The following passage betrays a secret conviction that these missionaries were indebted for their freedom from persecution, to some abatement of that boldness and sincerity which distinguished the first preachers of christianity. If they neither felt nor provoked the scourge of persecution, they may at least claim the merit of pure, active, and disinterested virtue, and the fortunate issue of their labours is sufficient to disprove the opinion of those who imagine that no church can be firmly established, the foundations of which are not cemented with the blood of martyrs.' That is, the prudence and discretion of Augustine greatly surpassed that of the apostles and primitive martyrs: they, it seems, provoked the scourge these men declined it; and with respect to success, till we know how many were really civilized, (a word which as being suited to the extent of his views Mr. Lingard generally uses,) and how many were really sanctified, (a word which he does not use ;) we must be permitted to make some deductions from his flattering representations. Neither can we altogether accede to his opinion as to the disinterested exertions of Augustine and his followers. Men usually act upon a combination of motives. The character of a missionary was popular, the honours which awaited success were certain, and if, as appears, ecclesiastical ambition was the ruling principle of his heart, Augustine had his reward.' Meanwhile, we are not unwilling to concede to him a sincere and benevolent wish to civilize the manners and correct the vices of a distant and savage people.' The terms are happily chosen; they describe the conduct of the Jesuits in Paraguay; but they fall infinitely short of the views of an apostle. Doubtless a change of life and manners would occasionally take place even under great disadvantages in the mode of instruction; but these humble though important achievements of the missionaries were too private and unobtrusive to figure among the nominal conversions of princes, or nations, and accordingly the records of them are not to be sought upon earth.
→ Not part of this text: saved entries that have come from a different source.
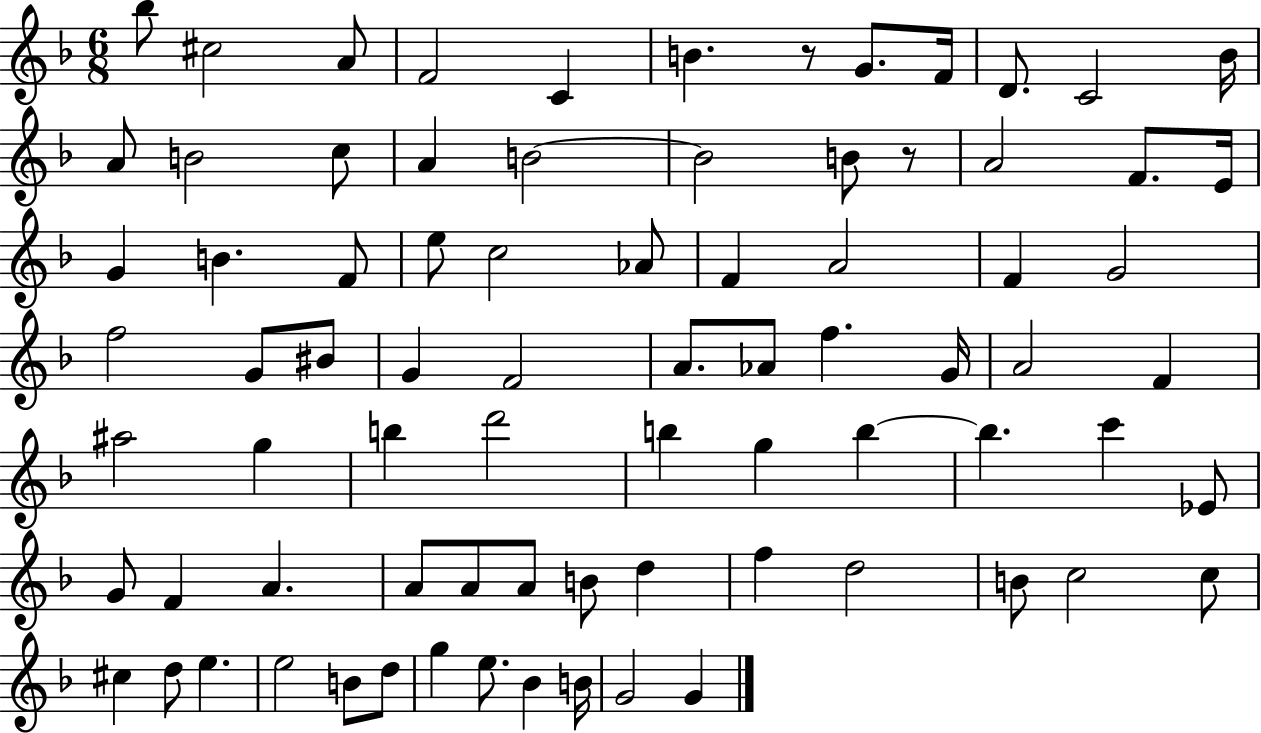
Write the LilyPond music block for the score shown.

{
  \clef treble
  \numericTimeSignature
  \time 6/8
  \key f \major
  bes''8 cis''2 a'8 | f'2 c'4 | b'4. r8 g'8. f'16 | d'8. c'2 bes'16 | \break a'8 b'2 c''8 | a'4 b'2~~ | b'2 b'8 r8 | a'2 f'8. e'16 | \break g'4 b'4. f'8 | e''8 c''2 aes'8 | f'4 a'2 | f'4 g'2 | \break f''2 g'8 bis'8 | g'4 f'2 | a'8. aes'8 f''4. g'16 | a'2 f'4 | \break ais''2 g''4 | b''4 d'''2 | b''4 g''4 b''4~~ | b''4. c'''4 ees'8 | \break g'8 f'4 a'4. | a'8 a'8 a'8 b'8 d''4 | f''4 d''2 | b'8 c''2 c''8 | \break cis''4 d''8 e''4. | e''2 b'8 d''8 | g''4 e''8. bes'4 b'16 | g'2 g'4 | \break \bar "|."
}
The beneficial effects of christianity, however, upon the manners and temporal happiness of the Saxon converts, are pleasingly represented. Such were the pagan Saxons. But their ferocity

soon

soon yielded to the exertions of the missionaries, and the harsher features of their origin were insensibly softened under the mild influence of the gospel. Death or slavery was no longer the fate of the conquered Britons: by their submission they were incorporated with the victors, and their lives and property were protected by the equity of their Christian conquerors. The humane idea, that by baptism all men became brethren, contributed to meliorate the condition of slavery, and scattered the seeds of that liberality which gradually undermined, and at length abolished so odious an institution.' Very gradually indeed! These seeds, though sown in no barren soil, were long in maturing; and the topic would scarcely have been touched by Mr. Lingard, had he recollected that the vestiges of this odious institution are to be traced among his brethren the monks, to the very dawn of the Reformation.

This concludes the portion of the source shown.